Friday, July 24, 2009

Classifying Exciting and Boring

My summer research job is all about classifying things. We got this big pile of events, and I want to classify them as Exciting and Boring. So what I do is I go through the events, one by one, inspect them, and then either toss them into the Exciting pile or the Boring pile. Okay, so it's not really that simple. I fiddle around a lot with Receiver Operating Characteristic Curves and Operating Points, and False Alarm Rates and Efficiency, and a whole bunch of other Concepts Which I Capitalize Ironically. (The CWICI will only get worse as I go on.)

Which is all to say, my thinking as of late has been colored by the science of classification. The other day, I classified some pens into the Out Of Ink or Just Needs To Be Shaken categories. Then I classified the different vegetables in my vegetable soup as Too Much or Not Enough. I took a list of books I wanted and classified them as In The Bookstore or Needs To Be Ordered Online.

Yeah, so I'm not actually doing all this ('twas a joke), but you get my point get that I have a point.

One thing you realize in the science of classification is that you will always get some of them wrong. Some of those events which I classified as Exciting will turn out to be false alarms. Some events which I classified as Boring are in fact Exciting. In fact, it's sort of arbitrary. I can always choose to be pickier, so that there will be less false alarms, but I'll miss more of the Exciting events. Or I can be less picky, accepting more false alarms, but being more sure that I'll catch all the Exciting events.

The tricky thing is, we don't really know how many events are actually Exciting. That's what we're trying to figure out! Maybe none of them are Exciting, and all I'm looking at are false alarms. How would I know?

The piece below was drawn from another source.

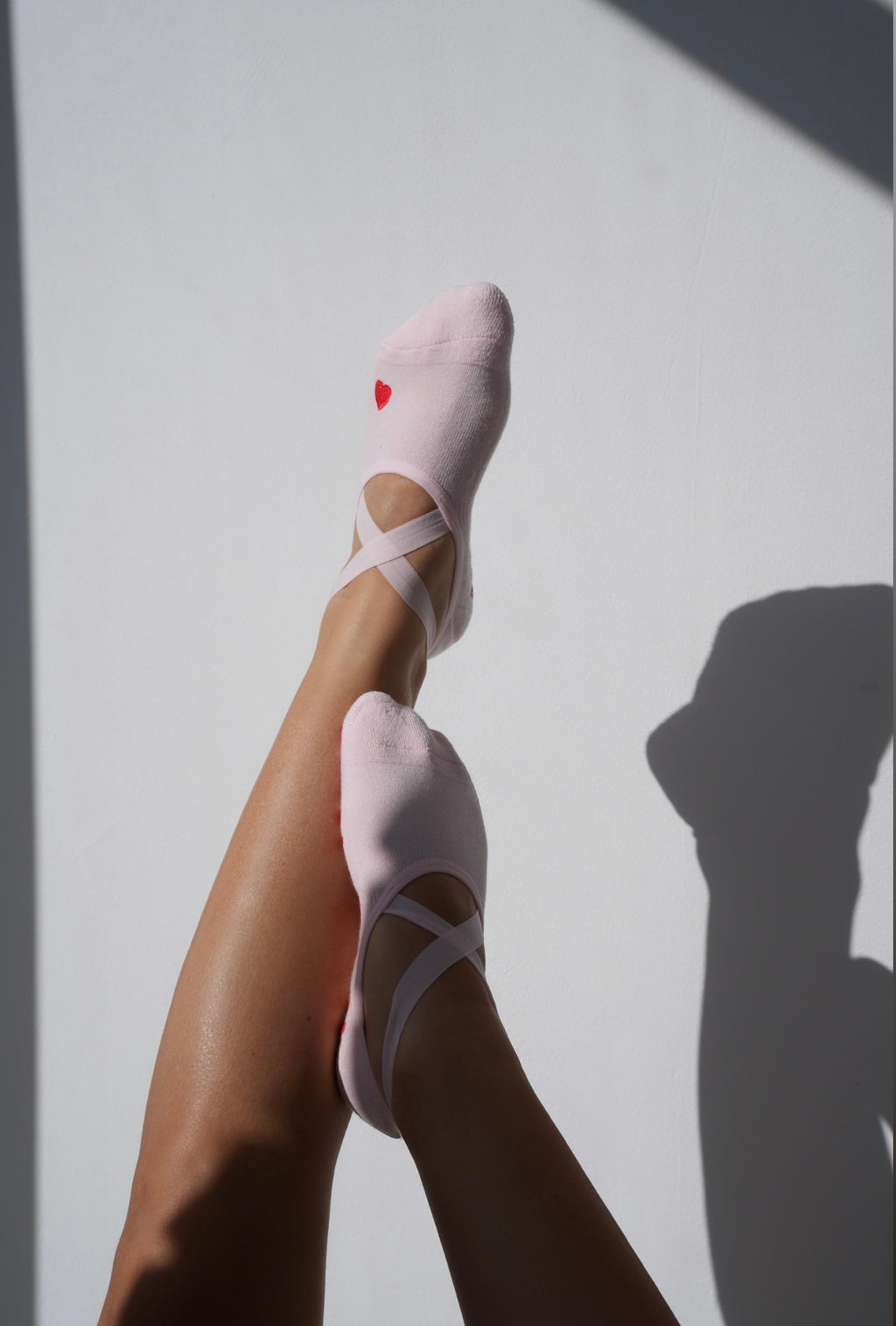 The Heart — Chaussettes Grip Pilates Cœur Brodé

What's the False Alarm Rate when nothing is truly Exciting?

In my research, we have a very complex and precise way of estimating the False Alarm Rate.* But sometimes, we are not so lucky to have such a method available to us. So we make do with slightly less precise arguments.

*It probably involves time travel and robots.

For instance! UFO sightings: how many of them are Exciting Aliens, and how many are Overexcited Earthlings? UFOlogists assert that the False Alarm Rate is low, and that at least some of them are Excited Aliens. Skeptics assert that the sightings are well within the False Alarm Rate. How do we know which it is? Well, astronomers tend to inspect the sky much more often and more carefully than lay people. So astronomers would tend to have a smaller False Alarm Rate, while at the same time catching much more of the Exciting Aliens if they indeed exist.

There are far, far fewer UFO sightings among astronomers than among lay people. This indicates that UFO sightings are well within the False Alarm Rate, and there may be no Exciting Aliens to speak of. But hey, all these Overexcited Earthlings are pretty cool and interesting in their own way.

Of course, I stole this argument from Phil Plait, the Bad Astronomer. And then I made it a whole lot more arcane and technical. Fun times.